Drivers take action, Uber does not!

July 24, 2019
posted in
written by Hannes Lang & Johannes Stiegler

Uber and Lyft, famous for their innovative peer-to-peer ridesharing service and their disruption of the taxi industry, have often been criticised for the low pay of their drivers. Drivers have gone on strike in New York, San Francisco and London to demand better pay and increased job security. These strikes have seen small scale victories for the drivers, such as achieving a guaranteed minimum wage pay in New York, yet protests continue as drivers look for new ways to improve their situation.


A recent article by WJLA shows how Uber and Lyft drivers at Reagan National Airport have devised a plan to improve their pay. At specific times, both Uber and Lyft drivers meet in a parking lot to co-ordinate a combined log out of the rideshare app, tricking it into thinking that there is a shortage of drivers. This apparent shortage of available drivers results in the app increasing the prices for the fare in to order to attract more drivers. Once the fare is high enough, the drivers log back in to the app and immediately take advantage of the higher fare.

From a game theoretical viewpoint, this collusive behaviour works well as the incentives to participate are greater than the pay-off of acting alone. One single driver logging off and on will not influence the price surge. However, with enough drivers participating, the group has a critical mass that influences the supply of drivers and initiates the price surge. The drivers’ opportunity cost of not participating is relatively small as they only lose a few minutes of their time.


The ones bearing the cost of this behaviour are the customers who are paying for the higher fares. Their alternative is to take a taxi or other transport and, as long as Uber and Lyft are more convenient and cheaper, they have no incentive to deviate from taking an Uber or Lyft and paying the higher fare.

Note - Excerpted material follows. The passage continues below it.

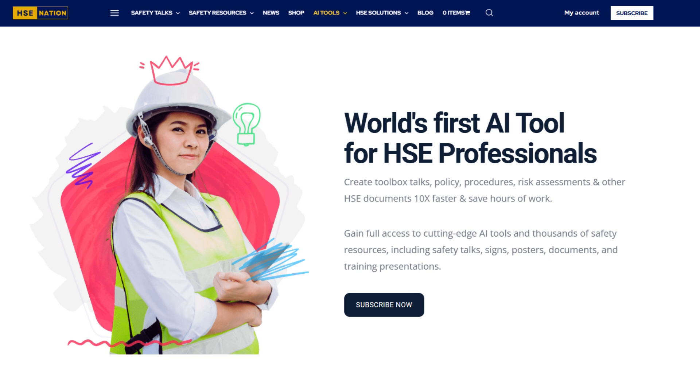Hi everyone, I'm James, and I'm thrilled to introduce you to the powerful artificial intelligence tools created by our team at HSENation.com.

For illustrative purposes, let’s assume that the average customer will take a $20 ride from the airport at normal prices. If the drivers log out of the app to force a price surge, the ride can cost up to $32. Let’s also assume that the only alternative is to take a taxi, which costs around $35. With Uber taking about 25% of the fare, a driver will make $15 with normal prices and $24 during the price surge. While waiting for the price surge, the driver misses out on about $2, reducing overall earnings to $22, which is still $7 higher than a normal price fare.

Through backward induction we can see that if drivers collude, consumers will take an Uber given $32 is still cheaper than $35 for the taxi. If drivers act alone, consumers will also choose Uber since $20 is better than $35.

Drivers now need to decide whether to act alone and receive $15 (the normal price minus Uber’s share), or to collude and receive $22 under surge (the higher price, minus Uber’s share and the cost of waiting). The earning under collusion is higher and therefore drivers collude and customers are forced to pay the higher fare.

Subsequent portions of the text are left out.